A compressed work schedule allows an employee to work a full-time schedule in fewer than five workdays each week. For instance, the employee could work four 10-hour days and have three days off. Another possible option is working 80 hours in nine days and having the rest of the two weeks off. These schedules have several advantages for both the employers and employees.
Extra Free Time
A four-day work week gives the employee an extra day each week, and an extra 52 days each year, to handle responsibilities outside of the workplace and to have more personal time. This can allow the employee to be more focused during his scheduled work time, according to Duke University Human Resources.
A compressed work week can lead to lower absenteeism rates because it gives employees more time to go to appointments and fulfill other obligations, according to Global Ideas Bank. When the state of Utah changed most government workers' schedules to a four-day work week, employees took fewer sick days and also said they exercised more on Fridays, according to an article published in the September 7, 2009, issue of TIME magazine.
Because many employees prefer schedule flexibility, a compressed work week can raise their job satisfaction, according to the Victoria Transit Policy Institute (VTPI). This can lead to better employee productivity, cooperation and retention.

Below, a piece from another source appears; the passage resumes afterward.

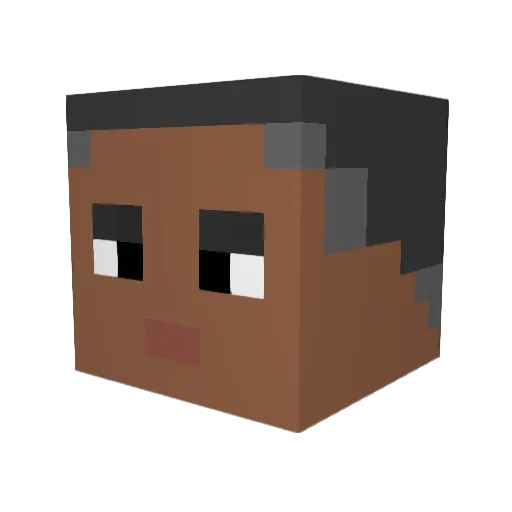 nebulaae Minecraft avatar head, 3D render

People who commute save time with a compressed work week, whether they drive or use mass transit. Utah determined that after one year, its compressed work week resulted not only in a 13 percent decrease in energy use by the state, but estimated that workers saved up to $6 million in gasoline usage. Schedules involved in a compressed work week also directly decrease peak period traffic congestion, according to the VTPI. Additionally, these schedules reduce total vehicle travel, which leads to a reduction in exhaust emissions.
Employees working a compressed work week can extend hours of service to both customers and associates, according to Duke University Human Resources. Although government offices in Utah began closing on Fridays, their offices actually became more accessible to people by staying open for more hours Monday through Thursday. TIME reported that lines at the Utah department of motor vehicles became shorter once the compressed work week was implemented.